(Required work):
I'd like the entries reproduced exactly, with the images omitted.

(Provided records):

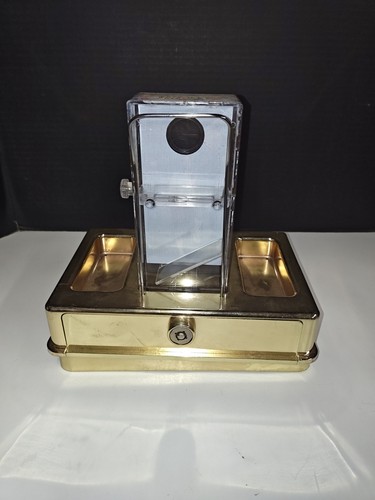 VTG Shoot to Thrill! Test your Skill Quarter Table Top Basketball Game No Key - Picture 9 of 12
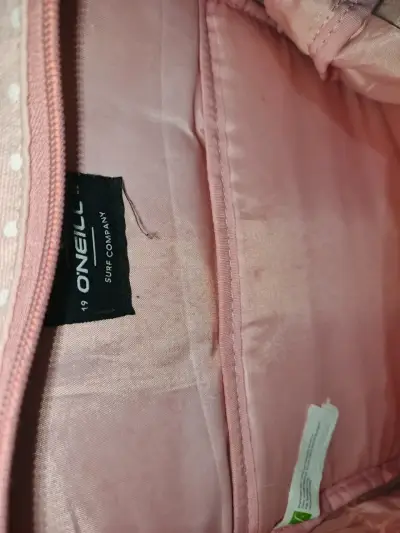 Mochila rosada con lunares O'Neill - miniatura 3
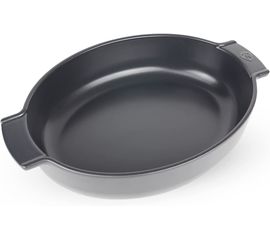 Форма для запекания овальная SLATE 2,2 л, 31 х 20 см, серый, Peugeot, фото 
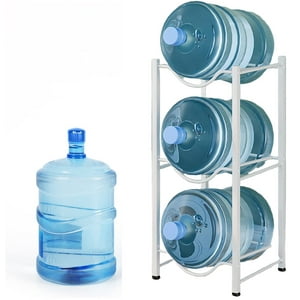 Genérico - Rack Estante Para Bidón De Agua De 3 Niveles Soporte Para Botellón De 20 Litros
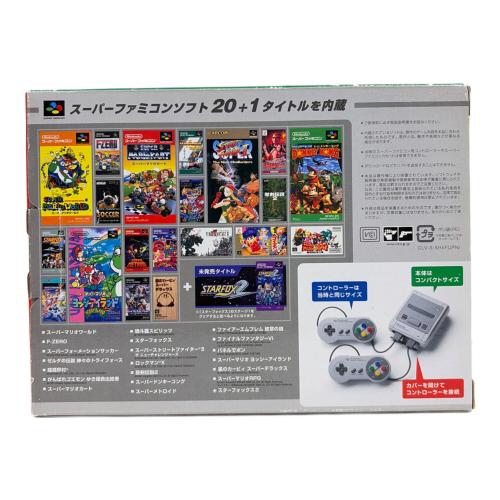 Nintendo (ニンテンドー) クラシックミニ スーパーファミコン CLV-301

(Written answer):
 VTG Shoot to Thrill! Test your Skill Quarter Table Top Basketball Game No Key - Picture 9 of 12
 Mochila rosada con lunares O'Neill - miniatura 3
 Форма для запекания овальная SLATE 2,2 л, 31 х 20 см, серый, Peugeot, фото 
 Genérico - Rack Estante Para Bidón De Agua De 3 Niveles Soporte Para Botellón De 20 Litros
 Nintendo (ニンテンドー) クラシックミニ スーパーファミコン CLV-301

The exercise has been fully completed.